Oil, gasoline rise on IEA forecast

Oil climbed back above $62 yesterday after the International Energy Agency said it saw no lasting damage to demand that has pushed producers and refiners to the limit and could lead to fuel shortages this winter. There have been signs recently that...

Oil climbed back above $62 yesterday after the International Energy Agency said it saw no lasting damage to demand that has pushed producers and refiners to the limit and could lead to fuel shortages this winter.

There have been signs recently that persistent high prices are taking their toll on the economies of the world's big consumers. Hurricanes that battered US Gulf rigs and refiners catapulted oil to new record highs, finally crimping fuel use.

But the IEA, adviser to 26 industrialised nations, forecast demand growth would quicken to 1.75 million barrels per day next year "due to a rebound from the largely temporary impact of hurricanes Katrina and Rita and a recovery in Chinese demand".

Winter fuel supplies should be ample provided refiners avoiding unplanned shutdowns, postponed maintenance and kept working flat out, the IEA said. Some analysts were pessimistic.

"The chance of all that being met the entire winter is zero," said Deborah White, senior energy analyst at SG Commodities in Paris.

US crude oil futures were 87 cents higher at $62.67 a barrel by 0655 EDT, off Monday's 10-week low of $60.35. London Brent crude was up 72 cents at $59.50 a barrel.

Prices may have fallen a long way from late August's $70.85 record high, but they are still at levels unseen in real terms in a quarter of a century and are up 42 per cent since January 1.

The world's oil producers have been pumping flat out to supply refiners that are running at full tilt to produce fuel, gasoline and heating oil for the United States, India and China. Preliminary figures from China yesterday suggested oil imports were back on a growth track. September crude imports rose 4.8 per cent year-on-year after falling in August.

In another sign that softer demand may be a temporary phenomenon, Western European car registrations hit a record for September.

Gasoline stocks in the world's biggest consumer, the United States, are expected to show a week-on-week fall of 1.5 million barrels in data tomorrow, a Reuters survey found.

Distillate stocks, including heating oil, are expected to have dropped for the third straight week of winter.

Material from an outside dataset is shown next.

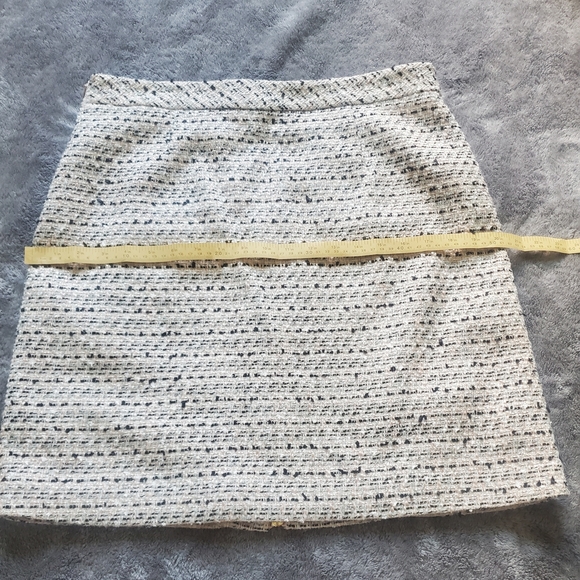 Karl Lagerfeld Cream and Black Tweed A-Line Skirt, Size 8 - Picture 6 of 12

Traders are watching how quickly hurricane-battered US crude and refinery production, as well as strike-hit French plants, will recover to increase fuel supplies.

About 2.1 million barrels per day (bpd) in US oil refining capacity remain offline due to hurricanes Katrina and Rita, the US Energy Information Administration said in its latest assessment of the hurricanes' impact on the US energy sector.

"Increasing concerns over supply shortages in the US because of the outages at refineries in the Gulf Coast and disruptions to refinery operations in France are giving support to the market," said Tony Nunan at Mitsubishi Corp. in Tokyo.

Workers at the largest refinery in France, a major fuel supplier to the US and Europe, have extended a strike until today. But a port blockade at the 600,000-bpd Fos-Lavera southern refining centre is expected to ease after workers agreed to resume operations on Monday.